There’s a couple of hours whiled away for ya gunter, allbeit minus the €120k.

I’d only squander it on food and bills anyway.

We’re on much firmer ground here with this house at 31 Aungier Street. This is a Protected Structure and is actually called up as a ‘Hugenot house’ on DCC record of PSs no less.

The flush windows are a clue, but the very high ground floor is initially confusing until we factor in that it probably incorporates a half sunken basement with original front railings and front area having probably been removed when the street went commercial. The back is classic ‘Billy’ with the cut-off upper landing window giving clear evidence that there was another storey and not just a gabled roof.
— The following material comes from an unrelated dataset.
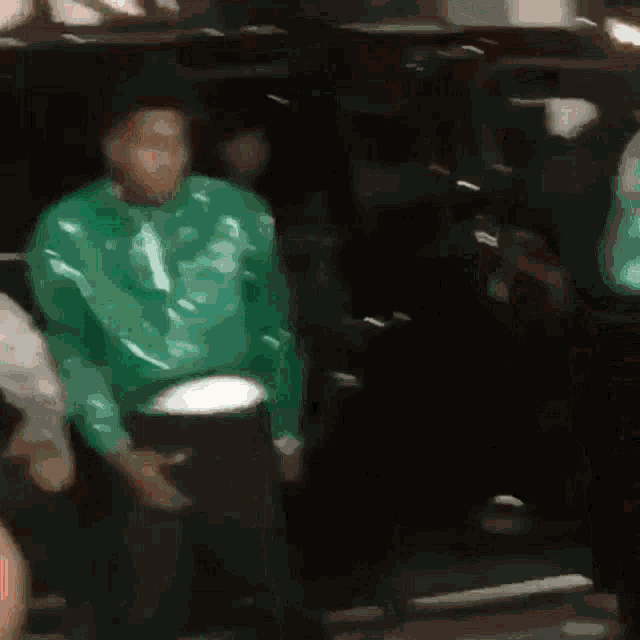 a blurry picture of a man wearing a green hoodie with the number 13 on it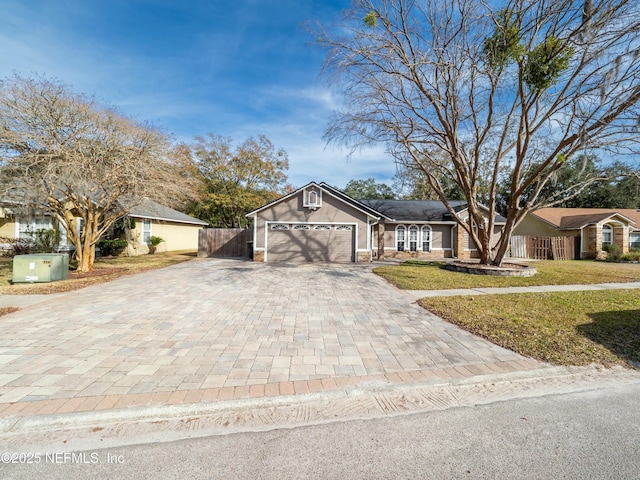 view of front facade with a garage and a front lawn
Initially there’s not much to base a reconstruction on though; are we dealing with a four storey, or even a rare five storey? If a standard four storey, did it have a single window in the attic storey or did it have another pair of windows in another full storey, either in line with those below, or slightly pinched together under three quarter height wall plates?


I’ve ghosted in a simple curvilinear gable with a single window, based on the evidence of a 1950s photograph that shows this house, no. 31, still shorn of it’s top storey, but at a time when the adjoining streetscape was still relatively intact. In this photograph there is a striking resemblence between no. 31 and no. 30 (beyond Aungier Lane) with the same unusually high floor levels and general proportions. There’s enough in that to convince me that these two houses were designed as a pair, or at least were designed to be consistant with each other.


The 1950s photograph of Aungier Street taken from the triangle at the junction with Bishop Street with no. 30 (reduced at the time to a simple triangular gable) in the distance.

In isolation the ‘Dutch Billy’ can look a bit flaky, but in their original context, the rhythm of the gables would have created fantastic streetscapes full of energy and variety.


This is a rough stab at a reconstruction of the gables on these houses. Obviously the rendered elevations and the shop fronts belong to a period after the gables had disappeared, but there’s a limit to what I’m goin’ to do without my €120k.